▶ EXERCISE AIM:
Look through the data below for the line with "School building with lawn in foreground" and the line with "Smiling woman with", then output those two and all lines in between, exactly as written.

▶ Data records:
───

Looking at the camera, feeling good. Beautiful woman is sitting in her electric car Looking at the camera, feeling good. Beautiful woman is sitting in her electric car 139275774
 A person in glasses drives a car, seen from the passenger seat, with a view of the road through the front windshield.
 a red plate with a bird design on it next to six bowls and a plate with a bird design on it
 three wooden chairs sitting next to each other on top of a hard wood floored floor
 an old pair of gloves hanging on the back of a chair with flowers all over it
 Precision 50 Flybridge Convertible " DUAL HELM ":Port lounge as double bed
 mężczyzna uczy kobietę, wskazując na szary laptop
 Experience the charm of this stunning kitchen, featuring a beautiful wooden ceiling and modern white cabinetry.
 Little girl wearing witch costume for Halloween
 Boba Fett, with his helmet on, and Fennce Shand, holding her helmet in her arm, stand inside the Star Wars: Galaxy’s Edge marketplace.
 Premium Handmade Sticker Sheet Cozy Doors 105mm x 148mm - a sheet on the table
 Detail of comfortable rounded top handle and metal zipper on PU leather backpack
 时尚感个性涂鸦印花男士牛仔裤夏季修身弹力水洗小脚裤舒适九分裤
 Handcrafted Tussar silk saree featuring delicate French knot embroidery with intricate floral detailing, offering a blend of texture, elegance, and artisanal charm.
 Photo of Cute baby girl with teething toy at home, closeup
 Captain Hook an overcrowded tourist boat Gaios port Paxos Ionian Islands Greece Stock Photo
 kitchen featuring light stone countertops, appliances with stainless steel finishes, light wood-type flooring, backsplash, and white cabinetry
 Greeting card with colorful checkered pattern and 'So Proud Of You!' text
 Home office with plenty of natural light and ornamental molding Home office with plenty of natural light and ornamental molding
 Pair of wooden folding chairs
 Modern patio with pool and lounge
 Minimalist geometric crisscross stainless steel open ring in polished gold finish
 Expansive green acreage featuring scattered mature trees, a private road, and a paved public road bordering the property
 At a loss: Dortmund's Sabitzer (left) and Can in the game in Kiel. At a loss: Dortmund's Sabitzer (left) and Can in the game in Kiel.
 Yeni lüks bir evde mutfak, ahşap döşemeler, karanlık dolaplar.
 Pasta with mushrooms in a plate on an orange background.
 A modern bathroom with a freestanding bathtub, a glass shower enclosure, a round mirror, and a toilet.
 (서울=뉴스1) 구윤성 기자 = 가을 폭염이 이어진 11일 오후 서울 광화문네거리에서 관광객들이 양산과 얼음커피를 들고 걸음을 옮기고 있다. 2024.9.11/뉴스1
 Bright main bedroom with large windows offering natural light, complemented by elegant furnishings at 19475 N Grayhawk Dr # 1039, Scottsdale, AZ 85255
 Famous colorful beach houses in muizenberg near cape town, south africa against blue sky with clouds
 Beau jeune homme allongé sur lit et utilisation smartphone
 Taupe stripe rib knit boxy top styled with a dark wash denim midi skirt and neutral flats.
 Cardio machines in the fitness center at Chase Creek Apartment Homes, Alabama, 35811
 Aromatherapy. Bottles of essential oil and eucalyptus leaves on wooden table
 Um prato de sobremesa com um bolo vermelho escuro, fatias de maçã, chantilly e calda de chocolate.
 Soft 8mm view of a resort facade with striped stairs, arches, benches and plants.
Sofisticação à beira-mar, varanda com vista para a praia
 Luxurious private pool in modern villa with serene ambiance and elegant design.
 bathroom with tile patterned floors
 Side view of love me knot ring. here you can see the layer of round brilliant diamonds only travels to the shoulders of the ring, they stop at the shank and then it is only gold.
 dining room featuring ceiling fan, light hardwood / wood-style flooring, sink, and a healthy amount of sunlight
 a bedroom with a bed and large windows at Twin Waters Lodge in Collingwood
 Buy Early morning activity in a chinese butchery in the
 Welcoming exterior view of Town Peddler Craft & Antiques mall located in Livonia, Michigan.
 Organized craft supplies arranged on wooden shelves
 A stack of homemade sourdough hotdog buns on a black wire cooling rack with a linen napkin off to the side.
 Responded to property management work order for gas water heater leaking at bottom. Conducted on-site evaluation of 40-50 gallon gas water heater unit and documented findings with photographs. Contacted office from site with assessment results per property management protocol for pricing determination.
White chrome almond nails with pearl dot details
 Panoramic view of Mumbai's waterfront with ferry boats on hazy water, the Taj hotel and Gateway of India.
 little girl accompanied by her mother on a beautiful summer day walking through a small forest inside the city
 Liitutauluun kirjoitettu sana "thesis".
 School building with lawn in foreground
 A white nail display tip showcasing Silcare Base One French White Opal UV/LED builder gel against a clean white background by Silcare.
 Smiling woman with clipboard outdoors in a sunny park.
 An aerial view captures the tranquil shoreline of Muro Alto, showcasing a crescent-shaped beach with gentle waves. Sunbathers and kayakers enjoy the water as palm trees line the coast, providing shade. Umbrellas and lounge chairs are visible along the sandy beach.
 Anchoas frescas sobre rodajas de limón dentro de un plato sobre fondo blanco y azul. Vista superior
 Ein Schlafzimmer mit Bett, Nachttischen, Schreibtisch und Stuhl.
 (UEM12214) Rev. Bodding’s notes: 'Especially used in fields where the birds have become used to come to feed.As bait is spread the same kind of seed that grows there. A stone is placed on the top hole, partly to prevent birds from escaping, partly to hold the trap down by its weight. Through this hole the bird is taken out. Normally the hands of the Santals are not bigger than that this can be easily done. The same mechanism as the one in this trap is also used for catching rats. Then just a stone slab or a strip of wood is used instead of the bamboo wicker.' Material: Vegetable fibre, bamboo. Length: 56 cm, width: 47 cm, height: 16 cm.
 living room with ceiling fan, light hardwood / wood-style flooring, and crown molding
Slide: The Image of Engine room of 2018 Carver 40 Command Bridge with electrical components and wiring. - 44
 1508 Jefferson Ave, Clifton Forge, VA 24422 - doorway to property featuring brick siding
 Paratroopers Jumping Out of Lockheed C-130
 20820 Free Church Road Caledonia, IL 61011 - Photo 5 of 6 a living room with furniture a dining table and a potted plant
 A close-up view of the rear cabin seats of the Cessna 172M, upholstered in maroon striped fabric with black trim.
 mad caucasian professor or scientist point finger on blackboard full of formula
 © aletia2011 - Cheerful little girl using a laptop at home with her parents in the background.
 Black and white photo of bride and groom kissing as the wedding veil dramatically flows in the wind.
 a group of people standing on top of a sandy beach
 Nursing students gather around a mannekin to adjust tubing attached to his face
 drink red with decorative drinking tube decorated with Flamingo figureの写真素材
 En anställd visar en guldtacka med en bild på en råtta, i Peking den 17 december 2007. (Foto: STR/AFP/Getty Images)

───

▶ TASK SOLUTION:
 School building with lawn in foreground
 A white nail display tip showcasing Silcare Base One French White Opal UV/LED builder gel against a clean white background by Silcare.
 Smiling woman with clipboard outdoors in a sunny park.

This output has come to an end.